Do you ever notice how sometimes people will pile signs one on top of the other, even though they are all saying basically the same thing? I see this all over the place and I’m always struck by it. Why do people do it? Do they think that having the same sign several times will make people more likely to follow its directive?

There’s usually an underlying problem being addressed by redundant signage - perhaps the first one was too small or not visible enough, or it didn’t say exactly the right thing, or experience after it was put up showed that more detail is needed. Often there is an official, professionally-made sign that proved inadequate and has been supplemented in ad-hoc ways with hand-made signs.

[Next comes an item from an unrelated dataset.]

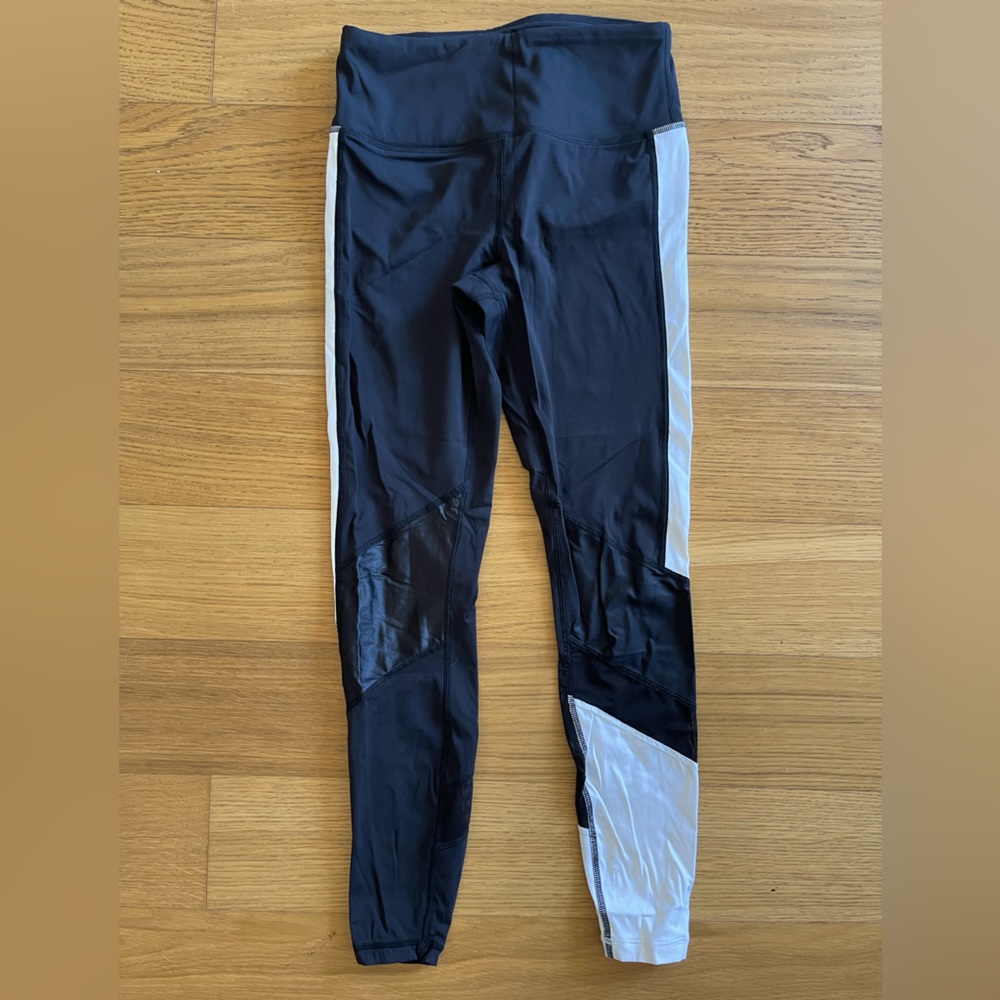Alala Freestyle Legging in Black & White Sz XS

In general I find redundant signs fall into several categories:

  • Duplicate: Where one signs duplicates the message of another, perhaps just by literally being a second copy of the first sign, or being a different version with the exact same message
  • Additive: Where one sign adds nuance or clarification to another
  • Opposing: Where two signs say different things about the same thing

I try to photograph redundant signs whenever I see them and I’ll post the better ones here. Here’s an example to get things rolling, taken at the Montgomery Street BART station in San Francisco (BART is SF’s subway). BART is rife with ad-hoc signage amusement which is a typical outcome of a top-down oriented organization where the staff are constantly having to compensate in their own way for planning inadequacies. Whereas the London Underground uses one font and one signage style for absolutely everything that appears in any station or train, BART is the complete opposite. There is no consistency to anything and the whole thing is a visual jumbled mess.

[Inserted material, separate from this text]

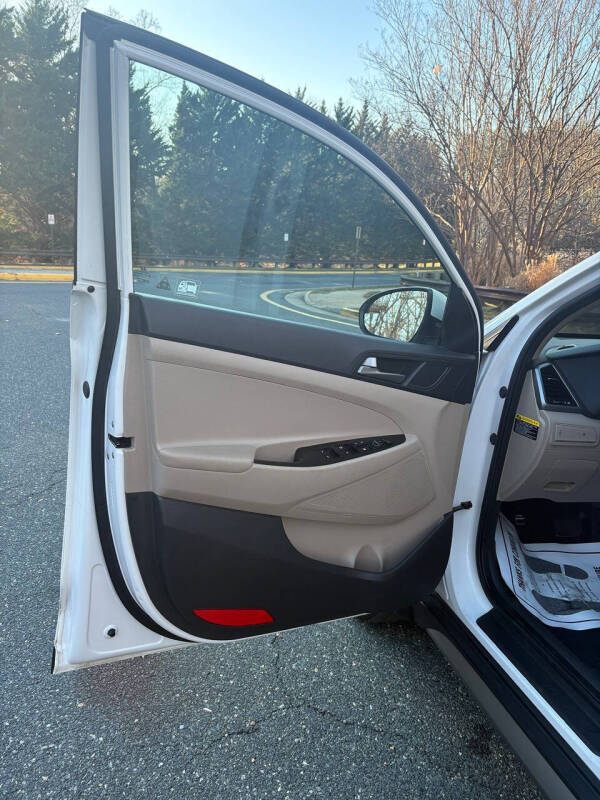 2017 Hyundai Tucson SE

This elevator control is a perfect example. It is a panel about 2’x3’ mounted to the right of the elevator doors:

There are two things going on here: a button to call the elevator (on the left adjacent to the door), and a button to call the station agent in case of an emergency. (Why they are so visually and in fact physically connected is unclear - are there an especially large number of emergencies outside the elevator? Or perhaps it’s because the BART elevators constantly break down and someone in a wheelchair can be stuck?) Obviously people kept pushing the Agent button when all they wanted was the Elevator button.

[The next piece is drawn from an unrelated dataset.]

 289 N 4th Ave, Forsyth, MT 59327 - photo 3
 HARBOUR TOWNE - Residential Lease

Like so many things in BART this assemblage of controls doing very ordinary functions is custom made for no apparent reason. And the design with the white panel behind the Agent button visually overpowers the Elevator button, which blends against its background, and people must just reach for that without looking at the label (form and color cues will outgun labels every day of the week).

Frustrated station agents undoubted fed up with responding to false alarms must have attached the can’t-miss flourescent sign. Unfortunately it has the effect of emphasizing the Agent button even more and making the Elevator button even less obvious!

Ironically, this whole panel is a redesign of the original that had been in place for years. In the earlier design the two buttons looked identical and were housed together on a single panel, but the Station Agent button was to the left (so closest to the elevator itself) and the Elevator Call button was to the right. I did a double take any time I tried to use it (to carry me + my bike up). So obviously this redesign was intended to address this problem but actually made it worse. Ah, progress.